#### The task
Quote, word for word, only the lines running from the line with "Senior Chefin im Verkauf Gertraud Schmölz" through the end of the listing. Leave out the pictures.

#### Collected material
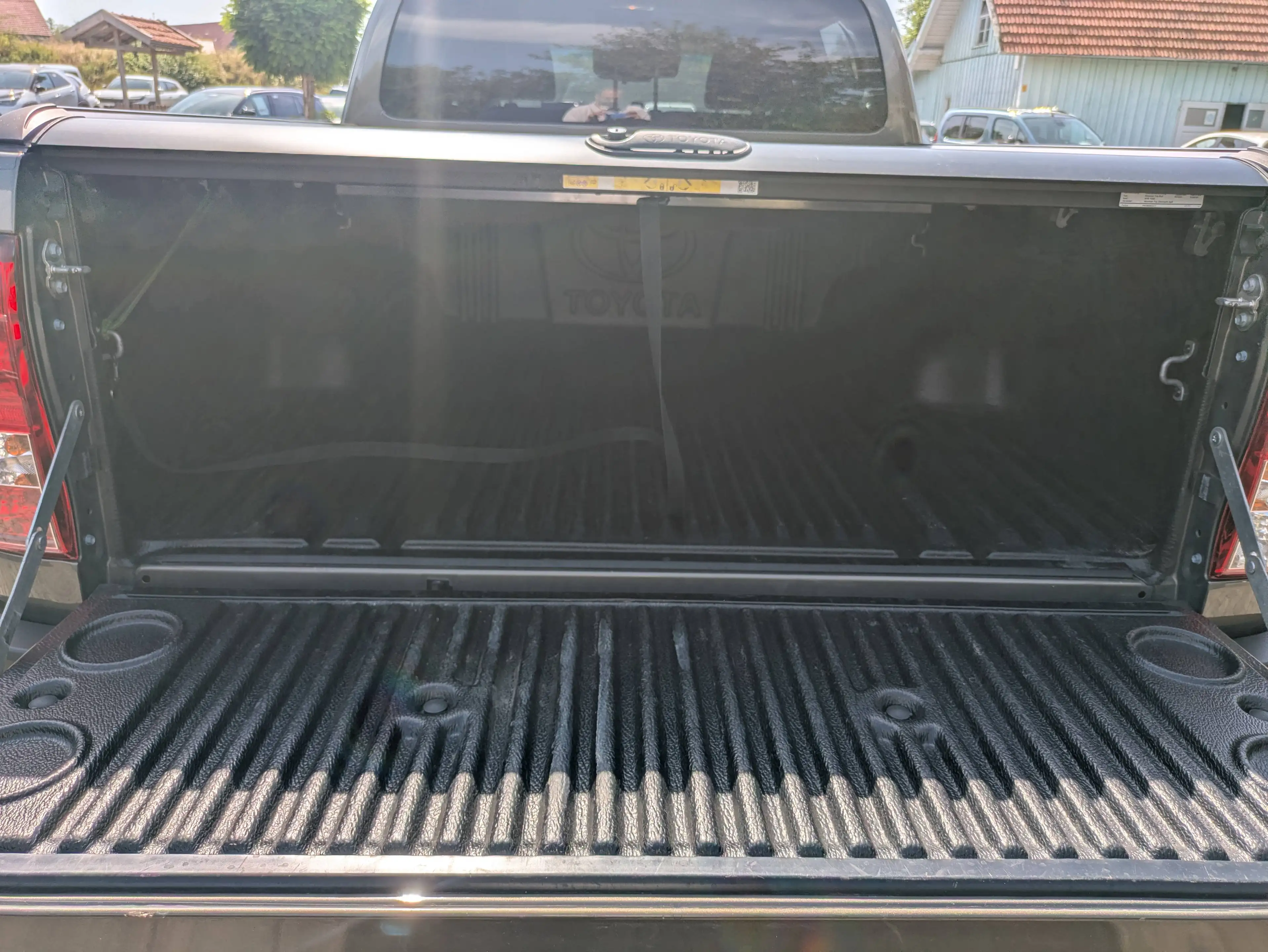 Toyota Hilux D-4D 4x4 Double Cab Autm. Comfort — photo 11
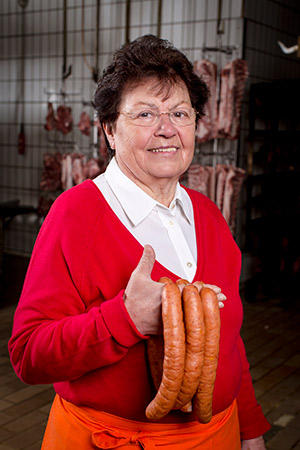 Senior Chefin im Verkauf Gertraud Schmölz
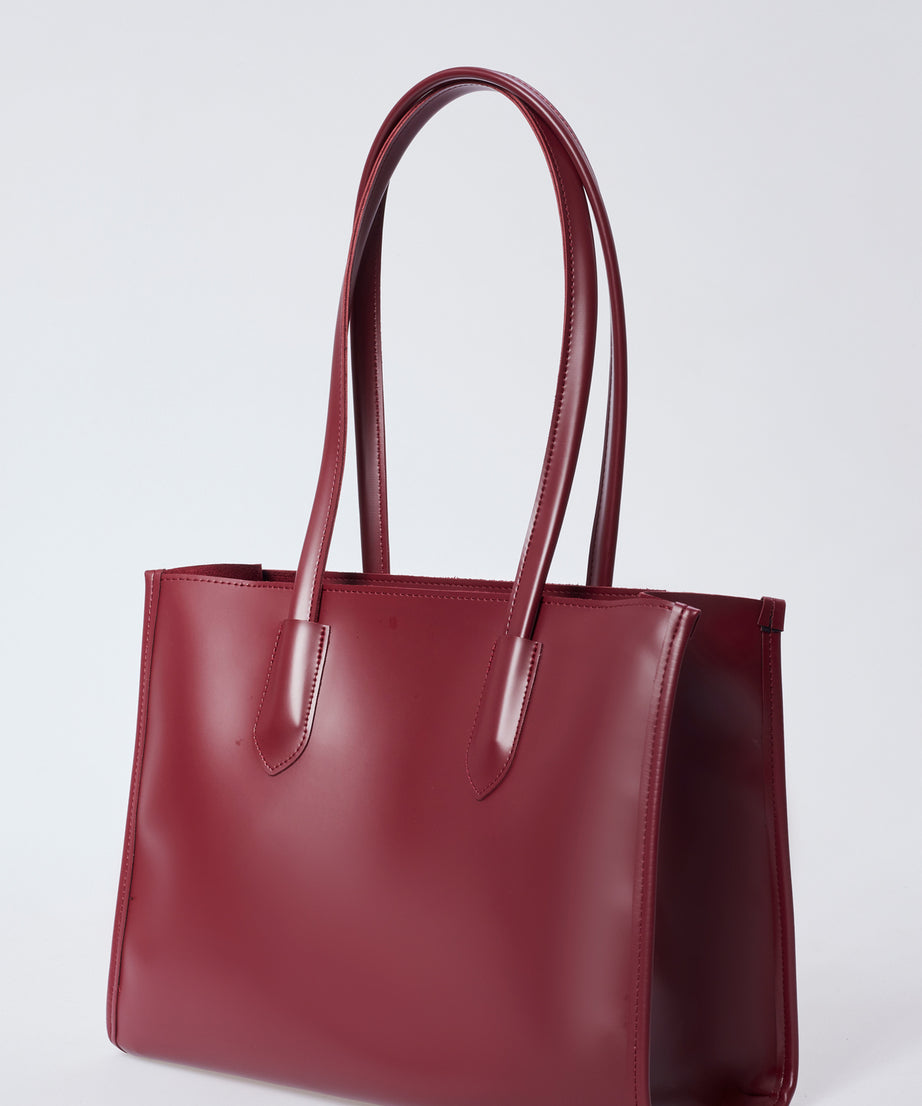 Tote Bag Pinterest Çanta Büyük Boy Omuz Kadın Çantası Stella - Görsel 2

#### Result below
 Senior Chefin im Verkauf Gertraud Schmölz
 Tote Bag Pinterest Çanta Büyük Boy Omuz Kadın Çantası Stella - Görsel 2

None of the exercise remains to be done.